Attention has been called to the case of United States v. Galbreath (D. C.) 8 F.(2d) 360, 361. In that ease, one Galbreath posed as an assistant to a prohibition agent, and, in that capacity, received $300 from • one who was illegally selling liquor. The money was given and accepted as a bribe, and $250 was taken from Galbreath immediately after the arrest of the giver and receiver of the bribe. The receiver of the bribe, Galbreath, thereupon filed a petition to recover the money, and the court quite properly denied the .petition, and said, in part: “It is of course unthinkable that a court of justice will assist in the recovery of property voluntarily surrendered under such circumstances.” Gal-breath was convicted of extortion, and it must be clear that his position was quite different from that occupied by the petitioner in this instance.

If in this case Prohibition Agent Friedman, having received the money or part of *239it, had later been arrested and the money taken from him by the arresting officer and used upon his trial as evidence, and he had been convicted of extortion, and then had sought to recover the money which he had accepted as a bribe, the case above cited would be squarely an authority upon which his petition would be denied.

The only other authority cited is the case of Clark v.
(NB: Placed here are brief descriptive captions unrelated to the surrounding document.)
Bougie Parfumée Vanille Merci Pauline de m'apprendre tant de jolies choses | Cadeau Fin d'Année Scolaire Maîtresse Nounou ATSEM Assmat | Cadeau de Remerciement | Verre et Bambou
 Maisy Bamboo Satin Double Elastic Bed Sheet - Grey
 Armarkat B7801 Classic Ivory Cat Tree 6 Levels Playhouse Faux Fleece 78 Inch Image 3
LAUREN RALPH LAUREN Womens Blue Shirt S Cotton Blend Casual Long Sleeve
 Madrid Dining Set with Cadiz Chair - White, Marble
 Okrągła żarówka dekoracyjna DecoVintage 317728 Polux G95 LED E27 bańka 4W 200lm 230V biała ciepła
United States, 102 U. S. 322, 26 L. Ed. 181, in which it appears that the Court of Claims denied to two persons who had bribed a United States government official in 1864 to pass through New Orleans a shipment of cotton by paying him $10,000, which later found its way into the United States Treasury, the right to recover the same from the United States.

The reasoning in that ease would be conclusive on this application, if the facts in that case showed any action on the part of a representative of the United States government corresponding to the initiative taken by the custodian or the prohibition agents in this ease, as a result of which Liebowitz and Pogoda were induced to enter into their negotiations which resulted in the conspiracy charge.

The granting of this application is not to be regarded as establishing a precedent in any other case. It is solely the facts herein involved and the belief that title 18, § 570, USCA, invites the exercise of discretion under appropriate circumstances, which lead to the conclusion now reached, that the petition be granted.